Activity 7-2
------------

First we'll load some data, some tools from last time, and some utilities for nicer displaying (of tables side-by-side):

In [1]:
%load_ext sql
%sql sqlite://

  warn("IPython.utils.traitlets has moved to a top-level traitlets package.")


'Connected: None@None'

In [14]:
%%sql
DROP TABLE IF EXISTS Player;
CREATE TABLE Player(uniform_number INT, team TEXT, position TEXT, first_name TEXT, last_name TEXT);
INSERT INTO Player VALUES (1, 'Stanford', 'WR', 'Bob', 'Jones');
INSERT INTO Player VALUES (2, 'Stanford', 'RB', 'Joe', 'Bobson');
INSERT INTO Player VALUES (1, 'UCLA', 'WR', 'Bob', 'Roberts');

Done.
Done.
1 rows affected.
1 rows affected.
1 rows affected.


[]

In [20]:
from IPython.core.display import display_html, HTML
def to_html_table(res, style=None):
    html = '<table' + (' style="' + style + '"' if style else '') + '><tr><th>'
    html += '</th><th>'.join(res.keys) + '</th></tr><tr><td>'
    html += '</td></tr><tr><td>'.join(['</td><td>'.join([str(cell) for cell in row]) for row in list(res)])
    return html + '</tr></table>'
def display_side_by_side(l, r):
    s = "display: inline-block;"
    html = to_html_table(l, style=s) + ' ' + to_html_table(r, style=s)
    display_html(HTML(data=html))

In [16]:
def to_set(x):
    if type(x) == set:
        return x
    elif type(x) in [list, set]:
        return set(x)
    elif type(x) in [str, int]:
        return set([x])
    else:
        raise Exception("Unrecognized type.")
def fd_to_str((lhs,rhs)): return ",".join(to_set(lhs)) + " -> " + ",".join(to_set(rhs))
def fds_to_str(fds): return "\n\t".join(map(fd_to_str, fds))
def set_to_str(x): return "{" + ",".join(x) + "}"
def fd_applies_to(fd, x): 
    lhs, rhs = map(to_set, fd)
    return lhs.issubset(x)
def compute_closure(x, fds, verbose=False):
    bChanged = True        # We will repeat until there are no changes.
    x_ret    = to_set(x).copy()    # Make a copy of the input to hold x^{+}
    while bChanged:
        bChanged = False   # Must change on each iteration
        for fd in fds:     # loop through all the FDs.
            (lhs, rhs) = map(to_set, fd) # recall: lhs -> rhs
            if fd_applies_to(fd, x_ret) and not rhs.issubset(x_ret):
                x_ret = x_ret.union(rhs)
                if verbose:
                    print("Using FD " + fd_to_str(fd))
                    print("\t Updated x to " + set_to_str(x_ret))
                bChanged = True
    return x_ret
def is_superkey_for(A, X, fds, verbose=False): 
    return X.issubset(compute_closure(A, fds, verbose=verbose))
import itertools
def is_key_for(A, X, fds, verbose=False):
    subsets = set(itertools.combinations(A, len(A)-1))
    return is_superkey_for(A, X, fds) and \
        all([not is_superkey_for(set(SA), X, fds) for SA in subsets])

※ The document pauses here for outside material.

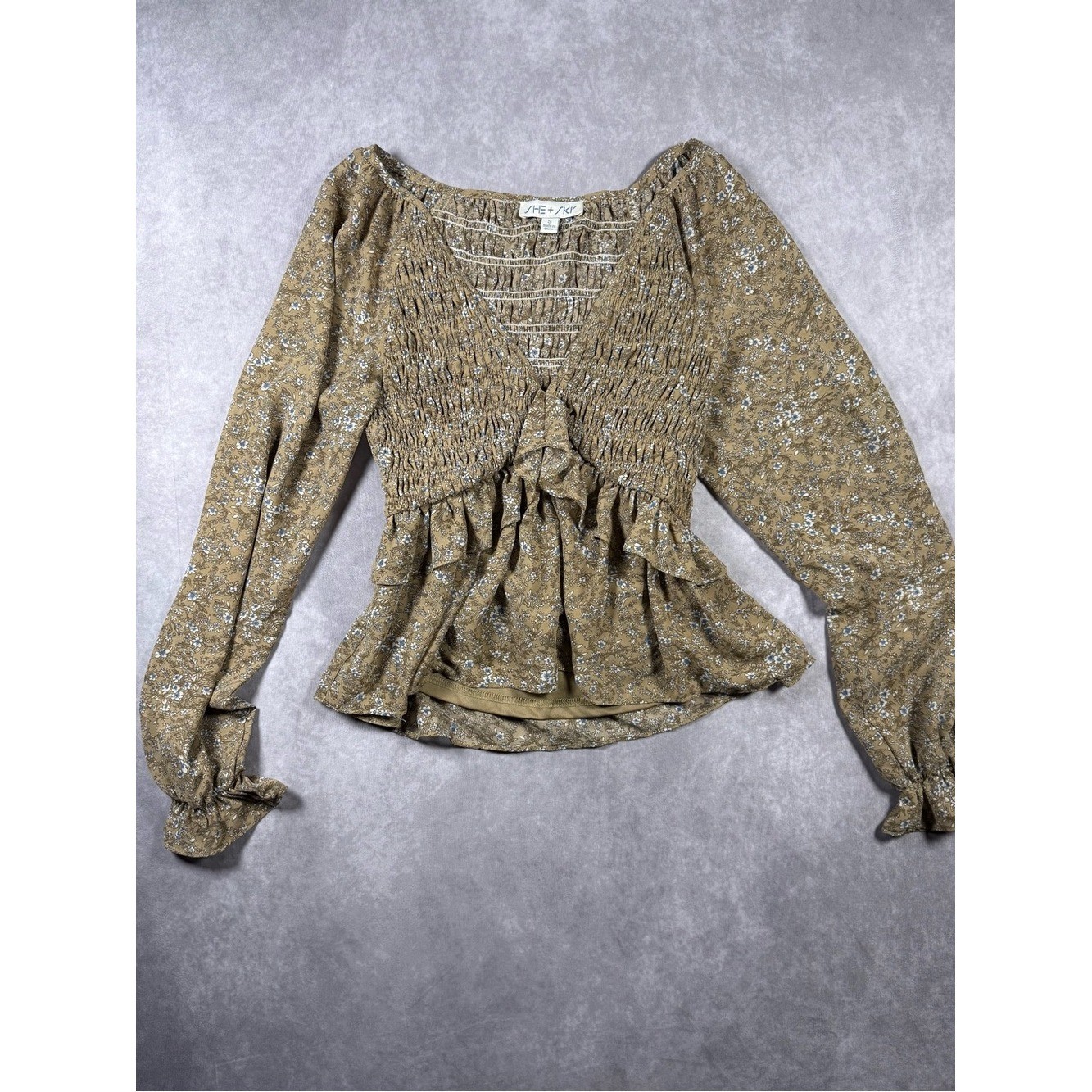 She + Sky Women’s Floral Smocked Peplum Blouse with Ruffle Sleeves Size Small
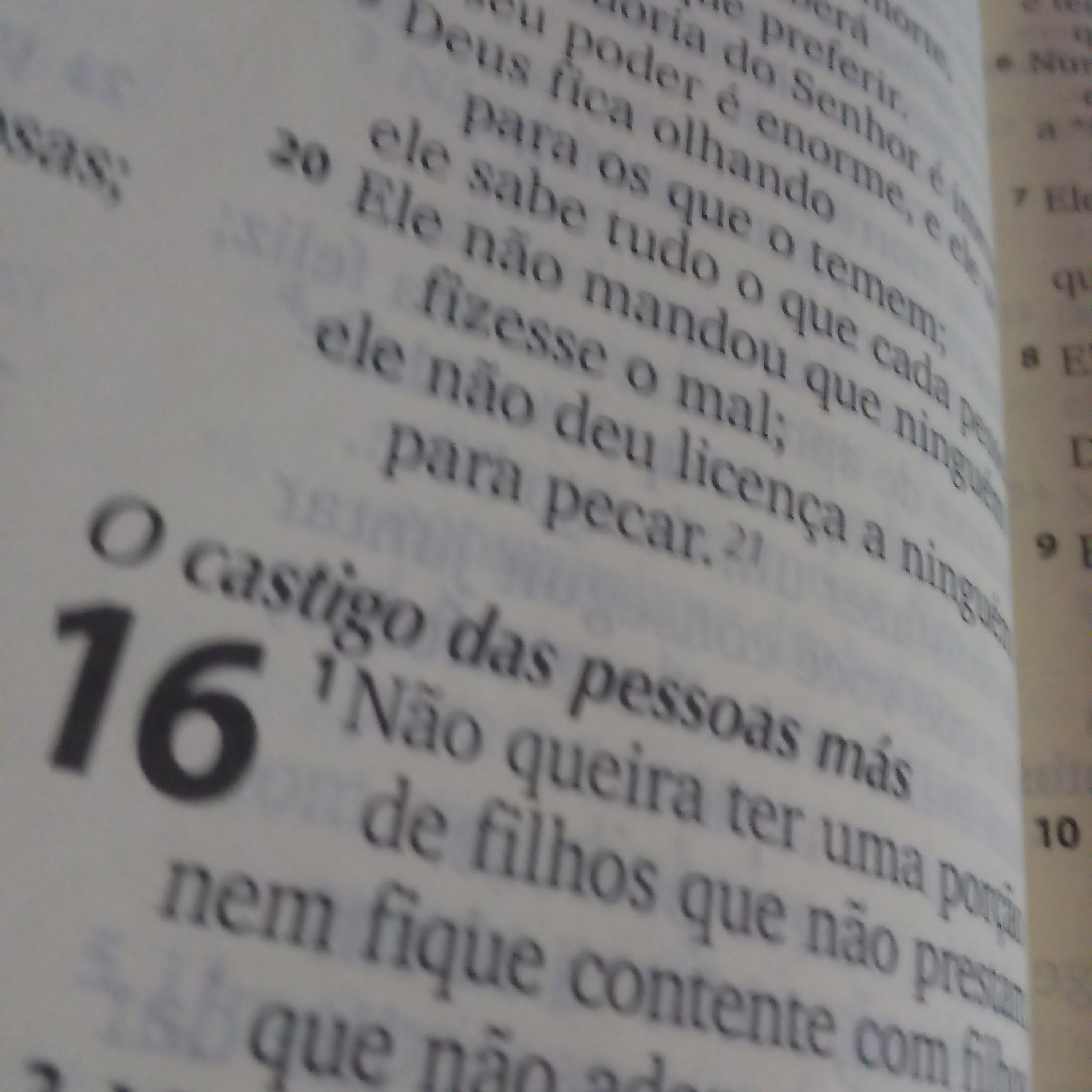 Um poema é uma pregação em nome do pai do filho do Espírito Santo..poeta de luz episode artwork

Suppose we have a schema of football players:

In [17]:
%sql SELECT * FROM Player;

Done.


uniform_number,team,position,first_name,last_name
1,Stanford,WR,Bob,Jones
2,Stanford,RB,Joe,Bobson
1,UCLA,WR,Bob,Roberts


Where the following FDs hold:

In [18]:
F = [
    ('uniform_number','position'),
    (set(['position','last_name']),'uniform_number')
]

In other words, in this league

1. The numbers on a player's uniform are always associated with specific positions
2. _Across all teams_, a player's postion plus their last name should uniquely determine their uniform number.

### Exercise 1

Determine and carry out a _lossy_ BCNF decomposition, i.e. one that will result in a 'lost' FD.  Show that the FD is lost by inserting some tuples into the decomposed tables, **respecting the remaining local FDs**, then joining the decomposed tables back together:

In [26]:
%sql DROP TABLE IF EXISTS A;
%sql CREATE TABLE A AS SELECT DISTINCT * FROM (SELECT uniform_number, position FROM Player);
%sql DROP TABLE IF EXISTS B;
%sql CREATE TABLE B AS SELECT DISTINCT * FROM (SELECT uniform_number, team, first_name, last_name FROM Player);
l = %sql SELECT * FROM A;
r = %sql SELECT * FROM B;
display_side_by_side(l,r)

Done.
Done.
Done.
Done.
Done.
Done.


uniform_number,position
1,WR
2,RB

uniform_number,team,first_name,last_name
1,Stanford,Bob,Jones
2,Stanford,Joe,Bobson
1,UCLA,Bob,Roberts


In [27]:
%%sql
INSERT INTO A VALUES (3, 'WR');
INSERT INTO B VALUES (3, 'UCLA', 'John', 'Jones');

1 rows affected.
1 rows affected.


[]

In [28]:
%%sql
SELECT a.uniform_number, b.team, a.position, b.first_name, b.last_name
FROM A AS a, B AS b
WHERE a.uniform_number = b.uniform_number;

Done.


uniform_number,team,position,first_name,last_name
1,Stanford,WR,Bob,Jones
1,UCLA,WR,Bob,Roberts
2,Stanford,RB,Joe,Bobson
3,UCLA,WR,John,Jones


We see that the tuples we inserted didn't break any _local_ FDs (that were preserved by the BCNF decomposition), however now the FD $\{\text{last_name},\text{postion}\}\rightarrow\text{uniform_number}$ is violated!

### Exercise 2

Discuss how we might practically deal with this issue, while still using BCNF...